■ **About this exercise**
A verbatim transcript of the data that follows, free of images, is the expected result.

BEGIN Supplied information

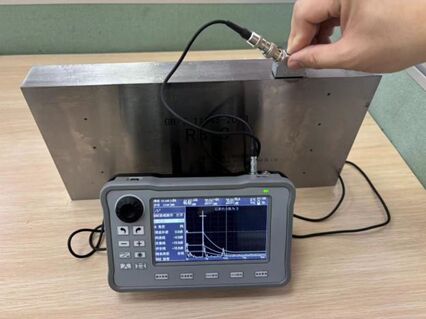 دستگاه تشخیص نقص فلزی قابل حمل FD-500mini با عملکرد DAC/AVG برای NDT صنعتی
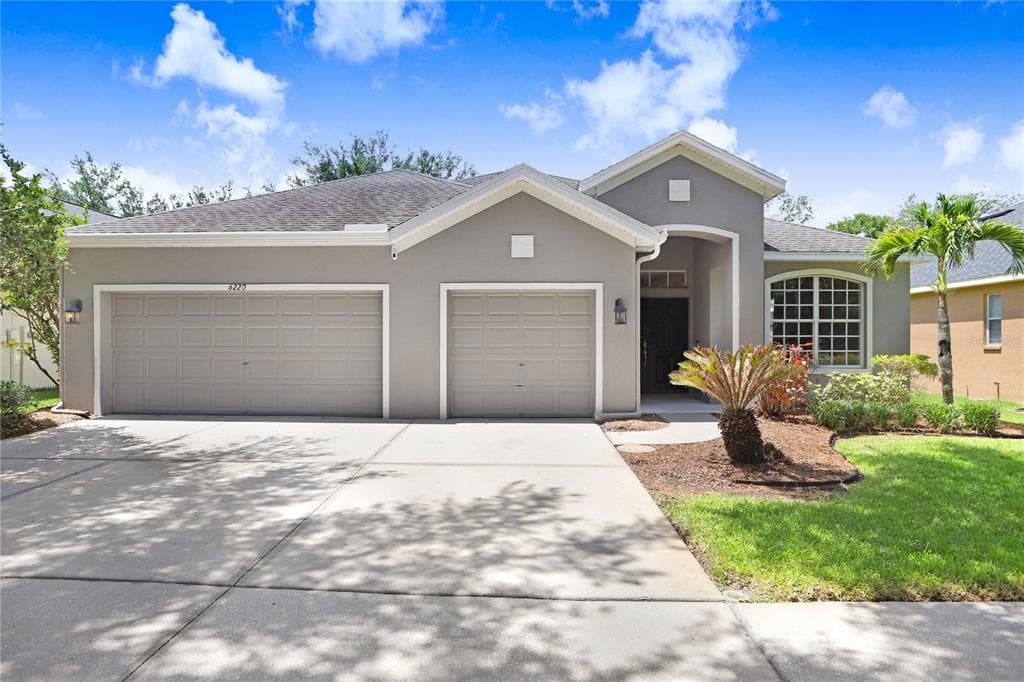 6220 WHIMBRELWOOD DRIVE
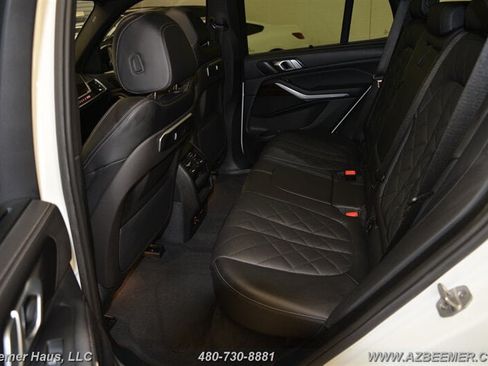 Used 2025 BMW X5 xDrive40i w/ M Sport Package AWD/4WD image 25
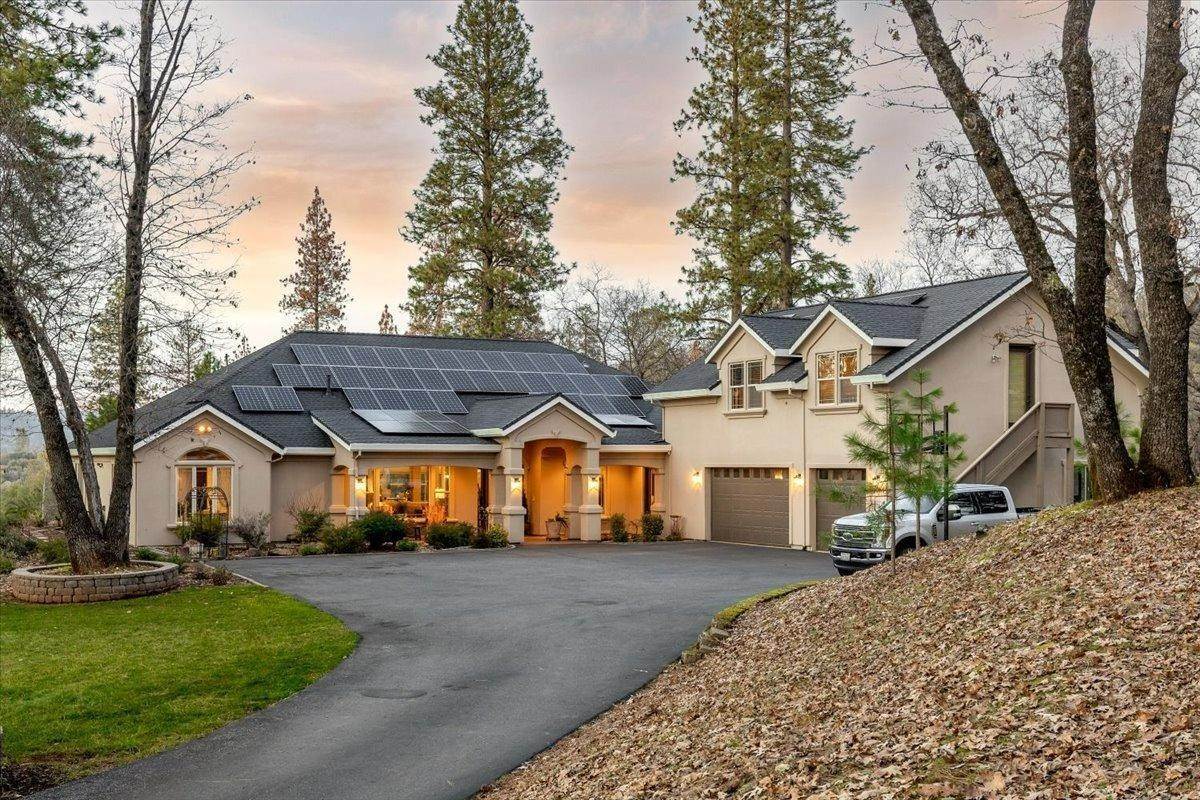5. Single Family Homes for Active at 21817 Salt Creek Road Grass Valley, California 95949 United States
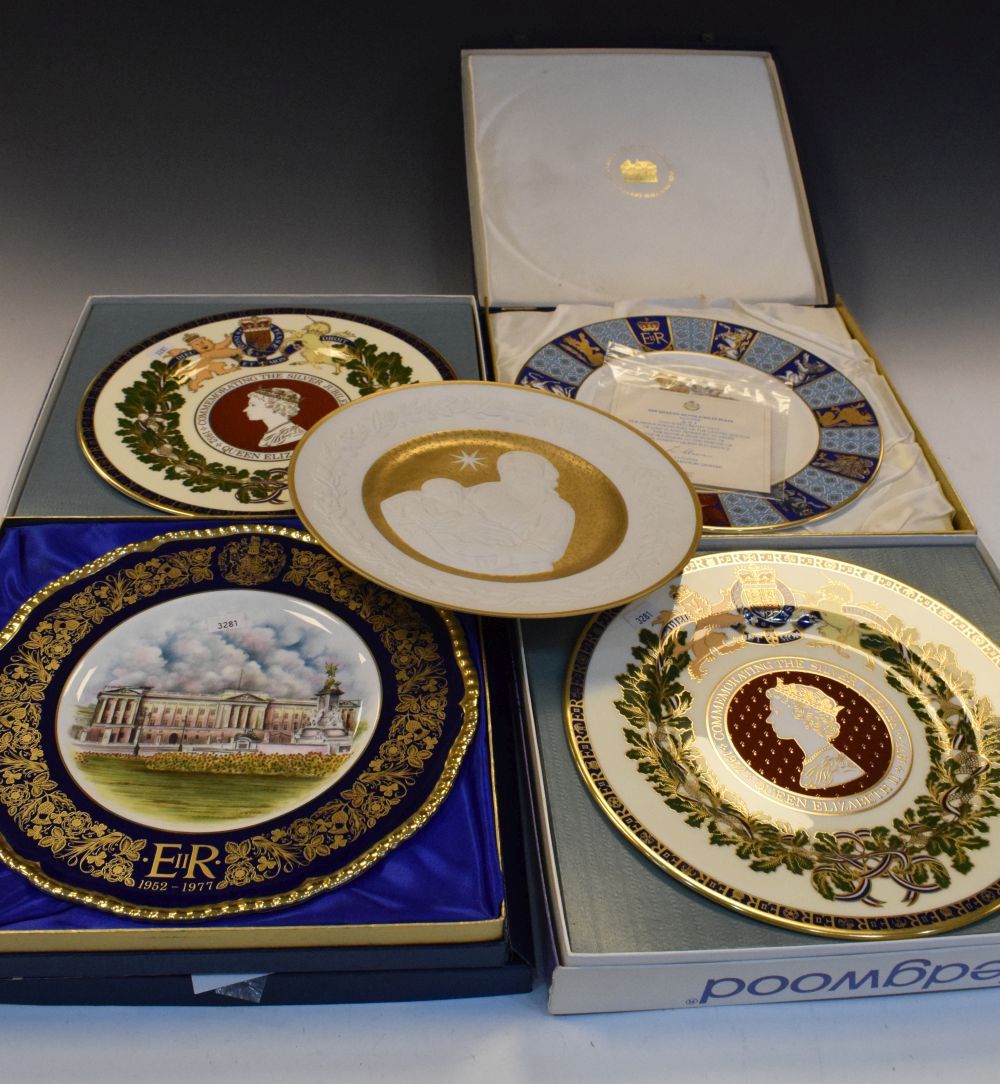 Two Wedgwood Elizabeth II Silver Jubilee commemorative bone china plates No. 110/1000 and No. 247/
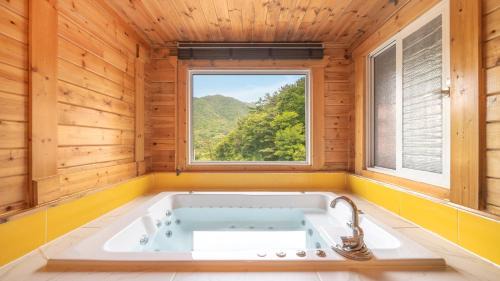 Yongmun House | Yangpyeong Isobiyagi Spa Pension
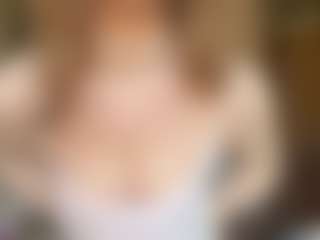 JoanneFucci's Live Sex Cam Show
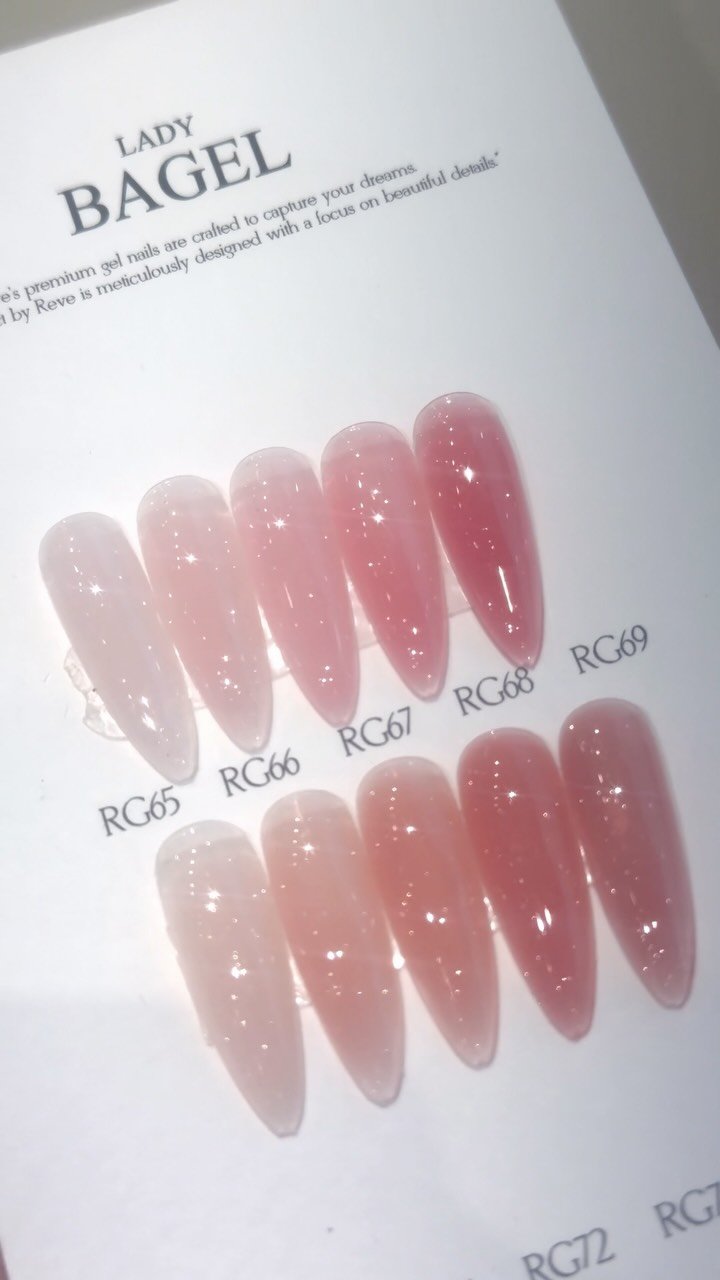nail_ilang 게시물 이미지: @reveinnail_korea 
  #레이디베이글 

자잘한 글리터덕에 촉촉함 상승💓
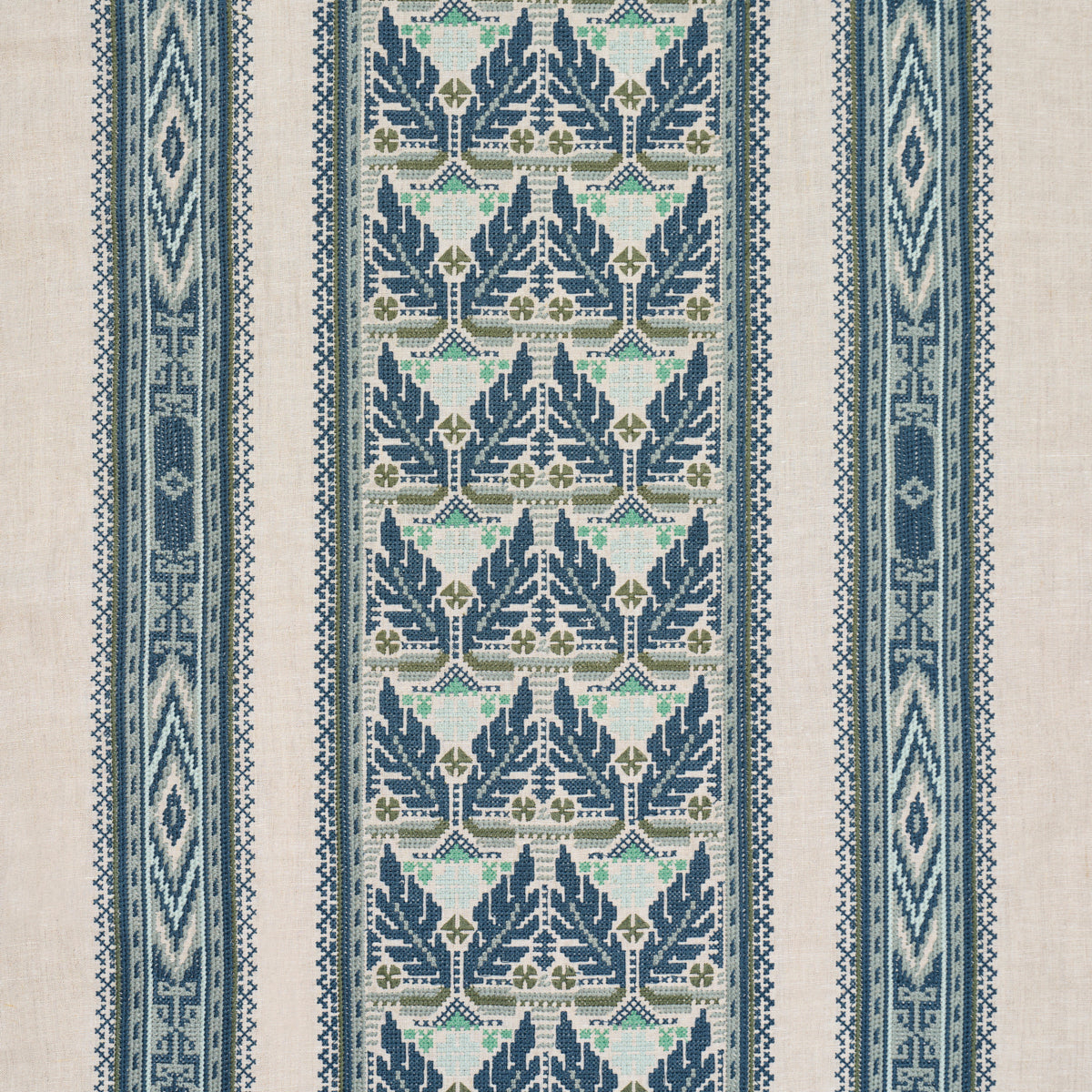 Schumacher | Ayla Embroidery fabric - 86550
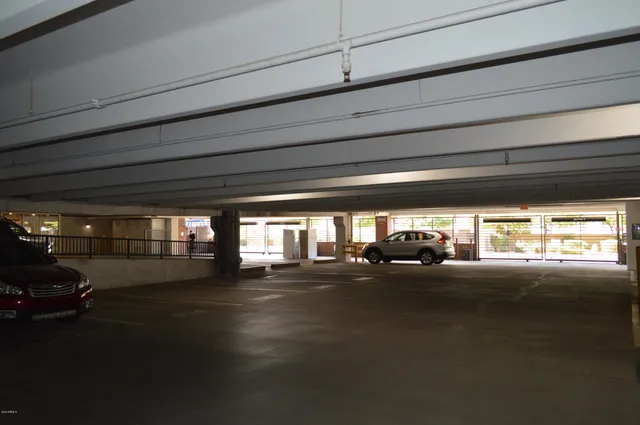 $2,500 | 1701 East Colter Street, Unit 267, Phoenix, AZ 85016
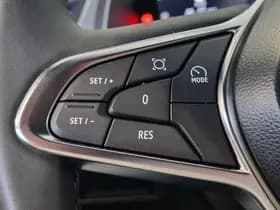 Renault Captur thumbnail 22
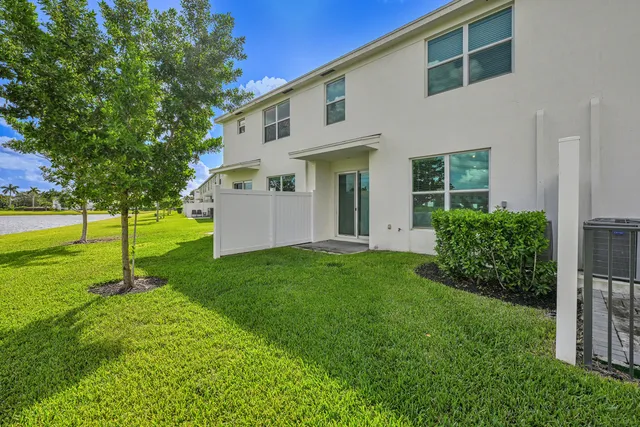 $525,000 | 6933 Harbours Edge Avenue, Lake Worth, FL 33467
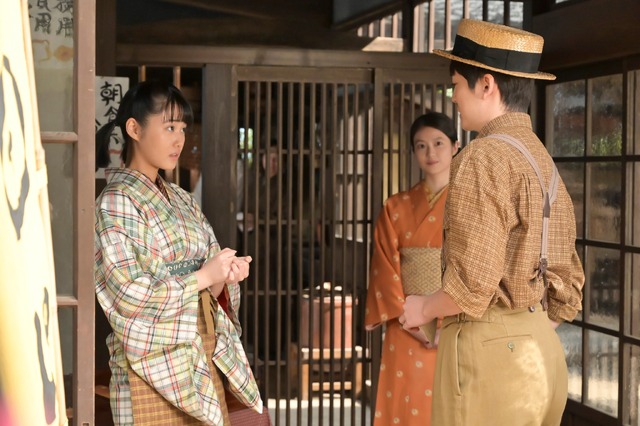 『あんぱん』朝田家の三女・朝田メイコ役を演じる原菜乃華　（C）NHK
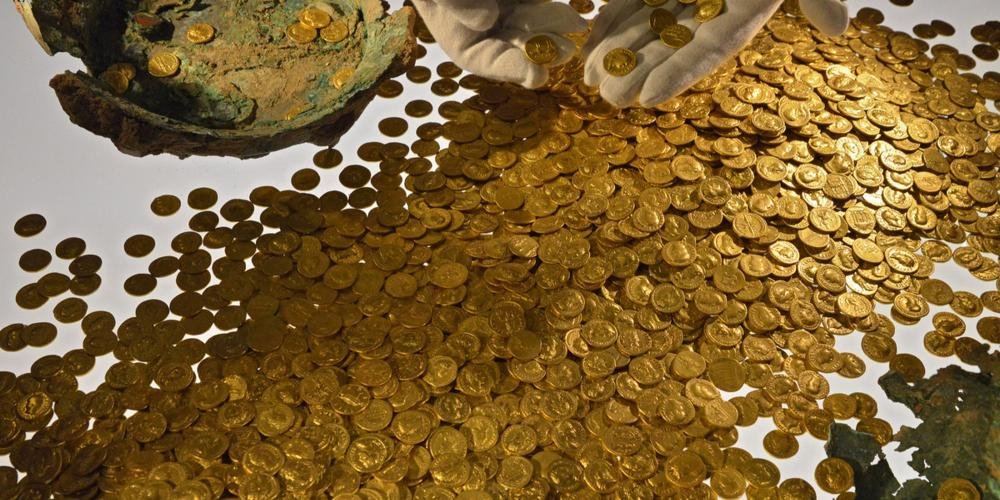 Exciting discovery! 2,500 gold pieces uncovered after 1,800 years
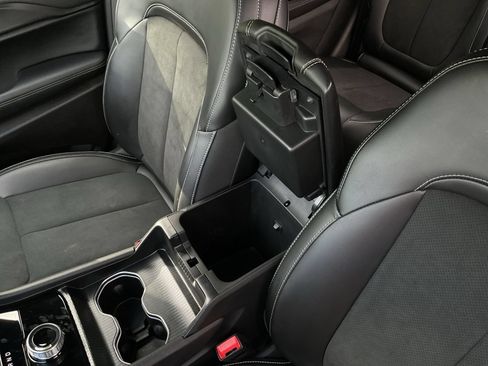 Used 2025 Jeep Grand Cherokee Altitude AWD/4WD image 42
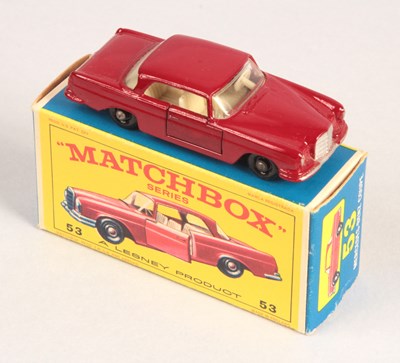 Lot 236 - Matchbox Regular Wheels 53b Mercedes 220SE Coupe Dark Red + BPW + TYPE E3 BOX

END Supplied information

■ **Response for this exercise**
 دستگاه تشخیص نقص فلزی قابل حمل FD-500mini با عملکرد DAC/AVG برای NDT صنعتی
 6220 WHIMBRELWOOD DRIVE
 Used 2025 BMW X5 xDrive40i w/ M Sport Package AWD/4WD image 25
5. Single Family Homes for Active at 21817 Salt Creek Road Grass Valley, California 95949 United States
 Two Wedgwood Elizabeth II Silver Jubilee commemorative bone china plates No. 110/1000 and No. 247/
 Yongmun House | Yangpyeong Isobiyagi Spa Pension
 JoanneFucci's Live Sex Cam Show
nail_ilang 게시물 이미지: @reveinnail_korea 
  #레이디베이글 

자잘한 글리터덕에 촉촉함 상승💓
 Schumacher | Ayla Embroidery fabric - 86550
 $2,500 | 1701 East Colter Street, Unit 267, Phoenix, AZ 85016
 Renault Captur thumbnail 22
 $525,000 | 6933 Harbours Edge Avenue, Lake Worth, FL 33467
 『あんぱん』朝田家の三女・朝田メイコ役を演じる原菜乃華　（C）NHK
 Exciting discovery! 2,500 gold pieces uncovered after 1,800 years
 Used 2025 Jeep Grand Cherokee Altitude AWD/4WD image 42
 Lot 236 - Matchbox Regular Wheels 53b Mercedes 220SE Coupe Dark Red + BPW + TYPE E3 BOX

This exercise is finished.